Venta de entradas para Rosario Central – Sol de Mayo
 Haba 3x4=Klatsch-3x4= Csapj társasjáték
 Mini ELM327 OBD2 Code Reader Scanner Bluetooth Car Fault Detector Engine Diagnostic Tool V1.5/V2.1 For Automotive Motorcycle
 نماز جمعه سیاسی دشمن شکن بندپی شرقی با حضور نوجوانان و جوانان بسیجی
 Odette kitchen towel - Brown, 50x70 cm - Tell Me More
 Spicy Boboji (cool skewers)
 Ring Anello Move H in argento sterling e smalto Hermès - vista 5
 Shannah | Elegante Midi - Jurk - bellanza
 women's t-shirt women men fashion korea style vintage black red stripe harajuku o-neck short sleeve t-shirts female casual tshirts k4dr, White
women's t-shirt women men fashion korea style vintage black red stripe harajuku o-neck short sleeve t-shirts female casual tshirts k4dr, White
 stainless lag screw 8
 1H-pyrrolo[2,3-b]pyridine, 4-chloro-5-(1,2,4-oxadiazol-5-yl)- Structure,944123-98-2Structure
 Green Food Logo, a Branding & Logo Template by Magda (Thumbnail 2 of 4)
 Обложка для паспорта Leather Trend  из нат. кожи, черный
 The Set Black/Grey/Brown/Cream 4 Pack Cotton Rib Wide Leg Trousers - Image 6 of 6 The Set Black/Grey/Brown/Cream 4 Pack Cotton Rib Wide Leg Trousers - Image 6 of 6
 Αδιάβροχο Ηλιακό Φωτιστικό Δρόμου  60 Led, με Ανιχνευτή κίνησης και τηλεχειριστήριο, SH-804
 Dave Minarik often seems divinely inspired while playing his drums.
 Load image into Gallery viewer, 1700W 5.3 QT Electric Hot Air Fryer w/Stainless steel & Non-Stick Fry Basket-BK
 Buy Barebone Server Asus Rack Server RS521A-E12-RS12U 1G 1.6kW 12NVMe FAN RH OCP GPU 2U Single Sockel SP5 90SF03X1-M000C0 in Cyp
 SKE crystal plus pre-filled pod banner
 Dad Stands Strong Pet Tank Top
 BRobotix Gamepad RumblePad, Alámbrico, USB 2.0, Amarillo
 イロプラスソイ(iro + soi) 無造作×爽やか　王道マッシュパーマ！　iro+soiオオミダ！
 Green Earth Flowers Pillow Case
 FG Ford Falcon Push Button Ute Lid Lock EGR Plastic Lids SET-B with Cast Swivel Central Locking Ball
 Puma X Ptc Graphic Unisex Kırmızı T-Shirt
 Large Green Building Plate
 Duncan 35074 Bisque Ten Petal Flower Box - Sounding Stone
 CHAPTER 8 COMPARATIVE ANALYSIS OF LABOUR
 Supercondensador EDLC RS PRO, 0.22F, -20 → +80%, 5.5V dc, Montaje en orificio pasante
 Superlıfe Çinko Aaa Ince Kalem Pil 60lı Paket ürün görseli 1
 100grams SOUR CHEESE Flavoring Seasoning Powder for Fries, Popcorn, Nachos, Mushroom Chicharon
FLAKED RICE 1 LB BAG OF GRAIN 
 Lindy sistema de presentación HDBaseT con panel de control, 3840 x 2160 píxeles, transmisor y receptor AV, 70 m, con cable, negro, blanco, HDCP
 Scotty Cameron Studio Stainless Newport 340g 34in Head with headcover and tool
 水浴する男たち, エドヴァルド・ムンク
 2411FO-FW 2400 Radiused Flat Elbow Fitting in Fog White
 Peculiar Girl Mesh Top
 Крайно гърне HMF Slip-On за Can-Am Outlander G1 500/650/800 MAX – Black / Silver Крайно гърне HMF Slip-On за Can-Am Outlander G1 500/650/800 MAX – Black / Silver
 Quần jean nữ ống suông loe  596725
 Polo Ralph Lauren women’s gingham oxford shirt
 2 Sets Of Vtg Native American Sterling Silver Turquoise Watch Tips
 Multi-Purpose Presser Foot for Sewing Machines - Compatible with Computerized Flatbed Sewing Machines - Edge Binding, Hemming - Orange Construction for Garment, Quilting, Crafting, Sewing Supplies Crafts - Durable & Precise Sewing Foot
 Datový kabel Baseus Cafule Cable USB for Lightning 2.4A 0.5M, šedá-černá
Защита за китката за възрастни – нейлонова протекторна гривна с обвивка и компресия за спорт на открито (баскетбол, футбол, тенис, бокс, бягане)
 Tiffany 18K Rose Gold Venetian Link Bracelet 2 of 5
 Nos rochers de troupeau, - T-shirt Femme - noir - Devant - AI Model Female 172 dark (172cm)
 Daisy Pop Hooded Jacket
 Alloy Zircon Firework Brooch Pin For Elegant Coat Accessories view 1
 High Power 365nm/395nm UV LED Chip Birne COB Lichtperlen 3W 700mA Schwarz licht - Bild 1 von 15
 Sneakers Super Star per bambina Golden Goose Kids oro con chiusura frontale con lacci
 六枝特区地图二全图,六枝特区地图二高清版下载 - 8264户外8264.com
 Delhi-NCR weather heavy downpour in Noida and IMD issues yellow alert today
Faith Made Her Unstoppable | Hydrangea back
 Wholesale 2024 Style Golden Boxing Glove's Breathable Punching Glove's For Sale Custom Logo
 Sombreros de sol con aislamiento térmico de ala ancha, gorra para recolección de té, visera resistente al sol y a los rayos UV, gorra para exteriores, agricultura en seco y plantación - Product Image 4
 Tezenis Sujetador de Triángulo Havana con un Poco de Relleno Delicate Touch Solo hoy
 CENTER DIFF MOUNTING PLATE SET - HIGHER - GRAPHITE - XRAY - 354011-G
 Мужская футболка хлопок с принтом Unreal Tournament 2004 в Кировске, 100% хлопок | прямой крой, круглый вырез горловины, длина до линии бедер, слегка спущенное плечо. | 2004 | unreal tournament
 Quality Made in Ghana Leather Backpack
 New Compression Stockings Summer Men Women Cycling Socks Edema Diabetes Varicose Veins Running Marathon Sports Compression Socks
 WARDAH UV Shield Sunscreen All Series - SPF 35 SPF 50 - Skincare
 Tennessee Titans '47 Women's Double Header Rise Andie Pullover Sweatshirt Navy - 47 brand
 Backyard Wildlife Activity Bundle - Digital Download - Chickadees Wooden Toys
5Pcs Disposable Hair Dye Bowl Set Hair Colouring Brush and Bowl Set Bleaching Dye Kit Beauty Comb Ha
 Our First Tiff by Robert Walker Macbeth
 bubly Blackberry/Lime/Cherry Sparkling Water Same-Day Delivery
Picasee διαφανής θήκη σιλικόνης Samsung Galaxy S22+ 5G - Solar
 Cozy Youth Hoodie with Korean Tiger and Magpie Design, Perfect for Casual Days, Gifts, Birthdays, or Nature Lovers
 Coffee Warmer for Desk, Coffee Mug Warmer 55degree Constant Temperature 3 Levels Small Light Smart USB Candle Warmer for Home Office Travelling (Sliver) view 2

● ● ● ● ● ● ●

* _Problem to work on_:
The lines sought are those in the data above that include the string "short"; copy each one.

* _Response below_:
 women's t-shirt women men fashion korea style vintage black red stripe harajuku o-neck short sleeve t-shirts female casual tshirts k4dr, White
women's t-shirt women men fashion korea style vintage black red stripe harajuku o-neck short sleeve t-shirts female casual tshirts k4dr, White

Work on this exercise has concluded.